Puis la cathédrale jeta au milieu de ces carillons le son grave de son bourdon, lancé à toute volée.

Elle passa toute cette journée dans la fièvre et dans l’attente. Pierre rentrerait sûrement ce soir-là.

Elle voulait être belle, le lendemain. Tirant de la grande armoire la robe qu’elle avait préparée, elle l’étalait avec précaution sur le lit, craignant de la froisser. Elle essayait aussi le bonnet qui lui allait à ravir, mettant autour de ses cheveux fins l’envolement de ses rubans et les plis légers de ses ruches. Elle allait se regarder dans une vieille glace, un peu trouble dans son cadre de bois dédoré ; l’étain rougi par le temps laissait de grandes places sans reflets : alors son image lui apparaissait lointaine.

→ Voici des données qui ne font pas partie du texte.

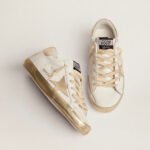 Golden Goose Super-Star with gold sparkle foxing and metal stud lettering(Women's) - Image 3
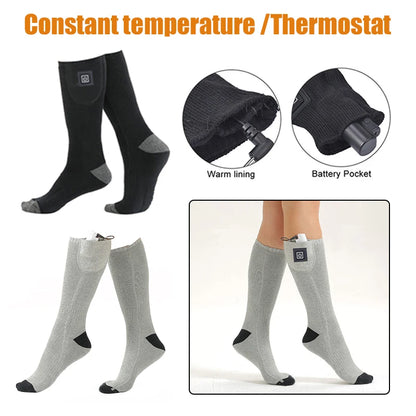 Winter Sports Rechargeable Electric Heated Socks 7.4V Battery Powered Thermal Socks for Camping Riding Hiking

Le soir était venu. Un chant hésitant et triste monta du fond des chènevières : une alouette au creux d’un sillon jetait, avant de s’endormir, un petit cri effaré, déconcertant dans la nuit, lui qu’on entend d’habitude dans l’air bleu et la lumière. Cela seul annonçait la tiède saison, cela et une danse grêle de moucherons rayant la ligne d’or du couchant.

Des pas sonnèrent dans la ruelle. Les deux pêcheurs rentraient, chargés de leur attirail. Marthe attendait, cachée derrière les rideaux de sa fenêtre. Pierre leva les yeux, comme s’il l’eût cherchée là, dans la nuit.